## Your assignment
Below are entries with pictures in them. Output exactly the lines starting at the line with "Anti-Transglutaminase 2 antibody" and ending at the line with "The brain grown in a LAB", both included, but not the pictures.

## Records for the task
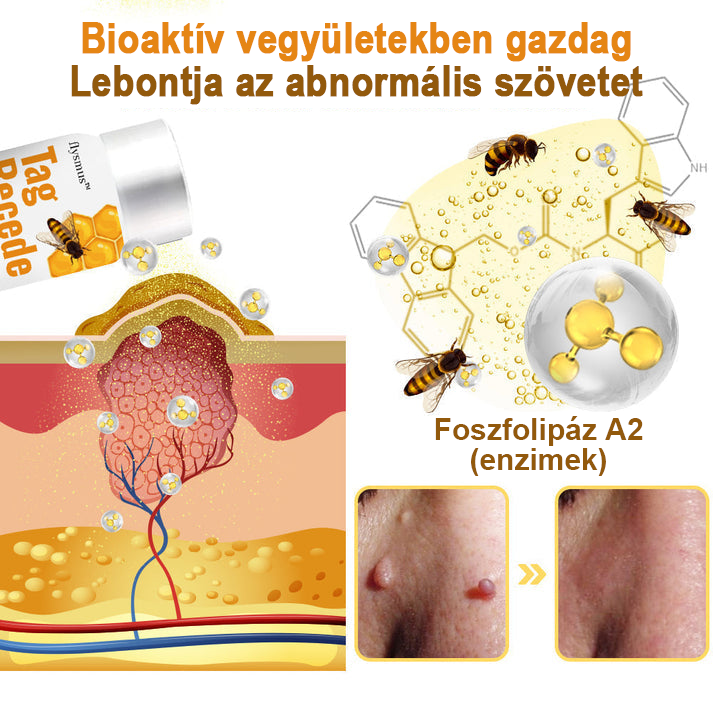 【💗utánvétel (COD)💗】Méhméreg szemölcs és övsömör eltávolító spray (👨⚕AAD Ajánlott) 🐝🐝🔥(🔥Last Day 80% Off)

--

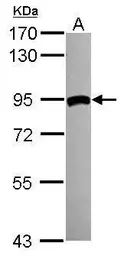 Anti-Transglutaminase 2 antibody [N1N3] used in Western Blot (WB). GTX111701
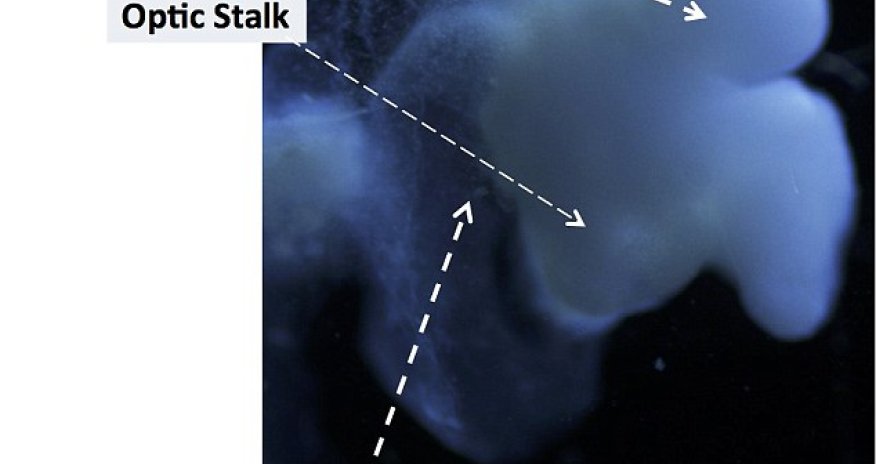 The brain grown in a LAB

## Written solution
 Anti-Transglutaminase 2 antibody [N1N3] used in Western Blot (WB). GTX111701
 The brain grown in a LAB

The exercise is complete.